### What is required
Given the material below, repeat exactly the lines from the one containing "Calvin Klein Hoodie" through the final line, and nothing else.

### Records supplied
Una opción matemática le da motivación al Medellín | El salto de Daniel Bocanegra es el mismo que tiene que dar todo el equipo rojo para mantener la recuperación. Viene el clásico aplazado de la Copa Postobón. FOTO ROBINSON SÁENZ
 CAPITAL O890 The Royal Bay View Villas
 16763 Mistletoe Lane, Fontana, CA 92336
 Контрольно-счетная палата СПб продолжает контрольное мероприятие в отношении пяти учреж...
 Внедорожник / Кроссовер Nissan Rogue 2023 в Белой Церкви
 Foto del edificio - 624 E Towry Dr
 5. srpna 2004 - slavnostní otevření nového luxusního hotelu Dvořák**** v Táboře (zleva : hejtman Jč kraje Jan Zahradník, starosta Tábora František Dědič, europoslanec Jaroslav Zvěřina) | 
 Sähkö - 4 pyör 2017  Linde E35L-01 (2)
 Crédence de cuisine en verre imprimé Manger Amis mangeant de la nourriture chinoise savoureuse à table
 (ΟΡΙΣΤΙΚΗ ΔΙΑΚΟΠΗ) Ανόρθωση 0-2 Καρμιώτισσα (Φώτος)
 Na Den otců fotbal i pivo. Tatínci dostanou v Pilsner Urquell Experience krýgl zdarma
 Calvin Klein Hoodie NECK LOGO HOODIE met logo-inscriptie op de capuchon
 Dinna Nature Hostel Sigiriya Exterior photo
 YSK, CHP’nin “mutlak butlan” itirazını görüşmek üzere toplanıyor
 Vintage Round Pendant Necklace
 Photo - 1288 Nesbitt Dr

### Response below
 Calvin Klein Hoodie NECK LOGO HOODIE met logo-inscriptie op de capuchon
 Dinna Nature Hostel Sigiriya Exterior photo
 YSK, CHP’nin “mutlak butlan” itirazını görüşmek üzere toplanıyor
 Vintage Round Pendant Necklace
 Photo - 1288 Nesbitt Dr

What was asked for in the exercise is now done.